SAHRC Strategic Plan
Adv Nalezani Mukwevho, Acting CEO, said the SAHRC had eight priorities. The first priority was the monitoring of economic and social rights. The emphasis of the Commission’s priorities was on the monitoring function. The Commission looked at the extent to which citizens were enjoying these rights as well as the extent to which their rights were protected. The second and third priorities looked at the internal systems of the Commission. Priority six dealt with human resource capacity. Priority eight dealt with the budget, which was very limited. The budget was not enough to support the operations of the Commission. The budget addressing the Promotion of Equality and the Prevention of Unfair Discrimination Act (PEPUDA) and Promotion of Access to Information Act (PAIA) was inadequate. The limited budget made it difficult to attract new talent. It was a concern that the Commission was unable to budget at a higher level due to limited funding.

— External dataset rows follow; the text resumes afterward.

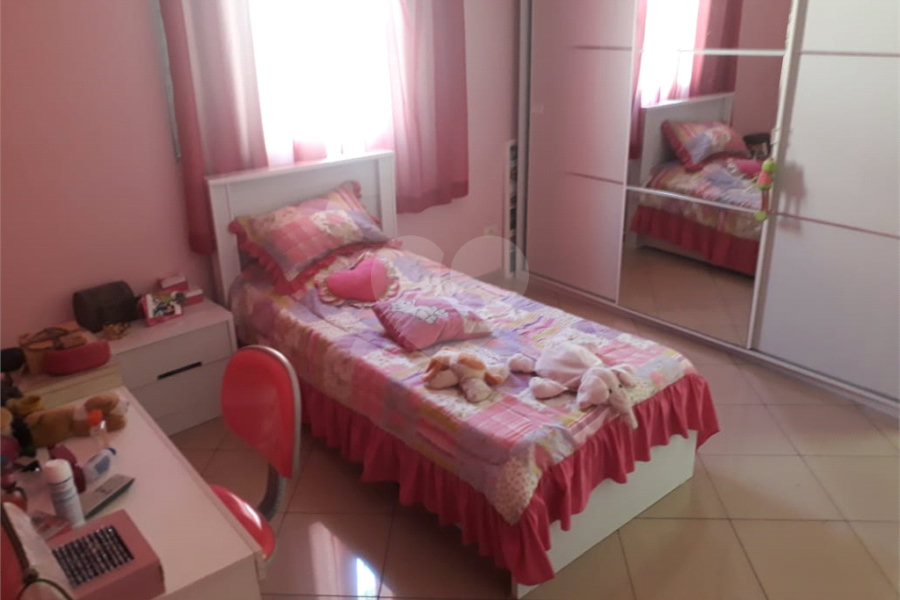 Sobrado à venda com 4 quartos, sendo 1 suíte,  no Brasilândia, São Paulo, SP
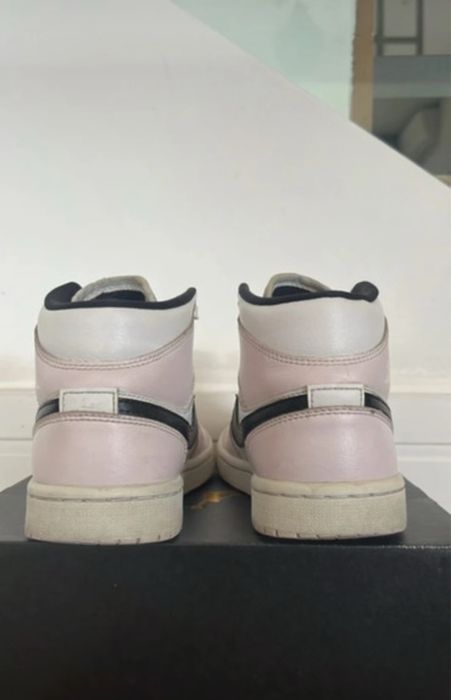 Air Jordan 1 Mid Barely Rose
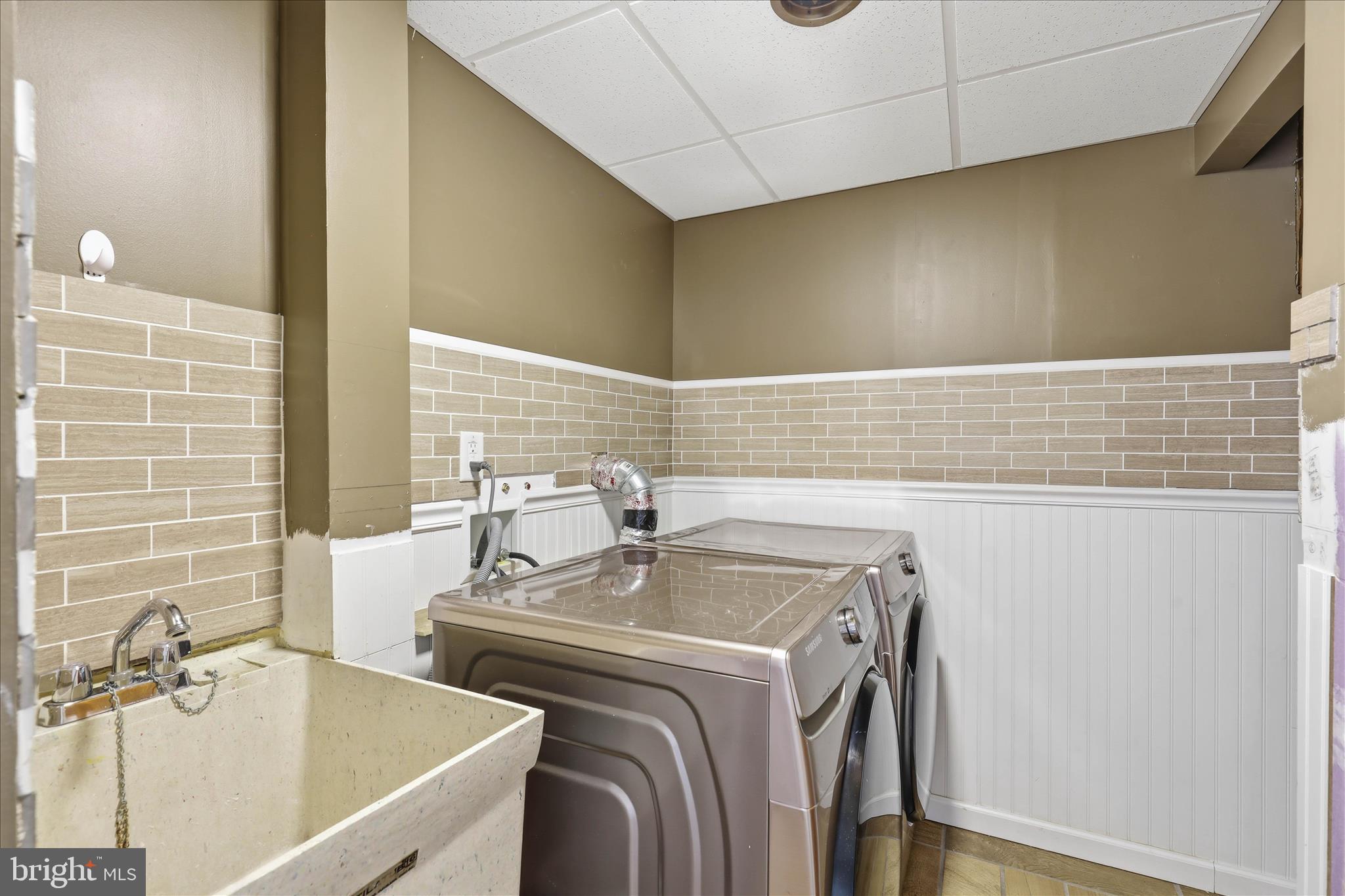 SCHOOL VALLEY FARMS - Residential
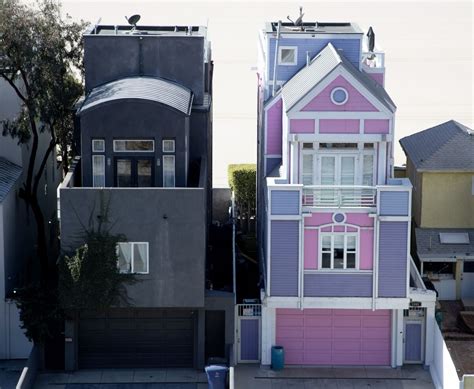 The story of Santa Monica’s pink Barbie, black Batman houses - Los Angeles Times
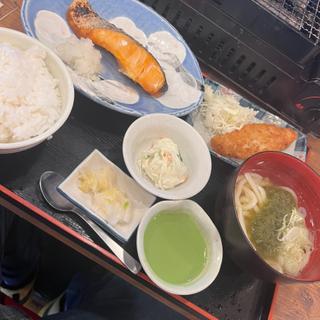 厚切り甘塩鮭定食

The purpose of the Commissioners’ programme was to provide leadership and guidance for the professional work of the Commission through the facilitation of the South African human rights agenda at international, regional, national and provincial levels. The first objective for the Commissioners was to provide broad oversight and leadership of the Commission’s operations. This objective correctly captured the function of the Commissioners within the organisation. The Commissioners were supported by the secretariat of the office of the CEO. The purpose of the Office of the CEO was to establish and maintain an effective and efficient corporate governance framework that ensured accountability to Commissioners for the management of the organisation through improved mechanisms for controlling and directing performance management activities. The Office of the CEO was obliged to facilitate the strategic objectives of the organisation. The Office of the CEO was responsible for complying with the Public Finance Management Act (PFMA). The Office of the CEO was tasked with the internal audit functions. The purpose was to develop a structured process for measuring, monitoring and controlling operational risks that allowed for systematic selection of cost effective approaches to minimising threats to the Commission’s operations. The Legal Services Programme was a core programme; its purpose was to provide quality legal services through the investigation of complaints of human rights violations, as well as seeking redress through the courts. The Education and Training Programme made it the Commission’s imperative to go out and educate citizens on how to access their rights. The Research, Documentation and Policy Analysis Programme was summarised under the first measurable objective in the plan. The Parliamentary and International Affairs Programme could be divided into national and international obligations. The first two measurable objectives dealt with the Commission’s national obligations whilst the third one dealt with international obligations.
The Information Technology (IT) department was resizing the Information and Communications Programme. It was important to have efficient IT infrastructure and the Commission was having major challenges with this. The Administration and Supply Chain Management Programme was vital where compliance was concerned. The organisation had received a clean audit for the previous financial year. PFMA compliance was not negotiable where the Financial Management Programme was concerned. The Human Resource Management Programme recognised that the nature of the organisation’s work was human resources intensive.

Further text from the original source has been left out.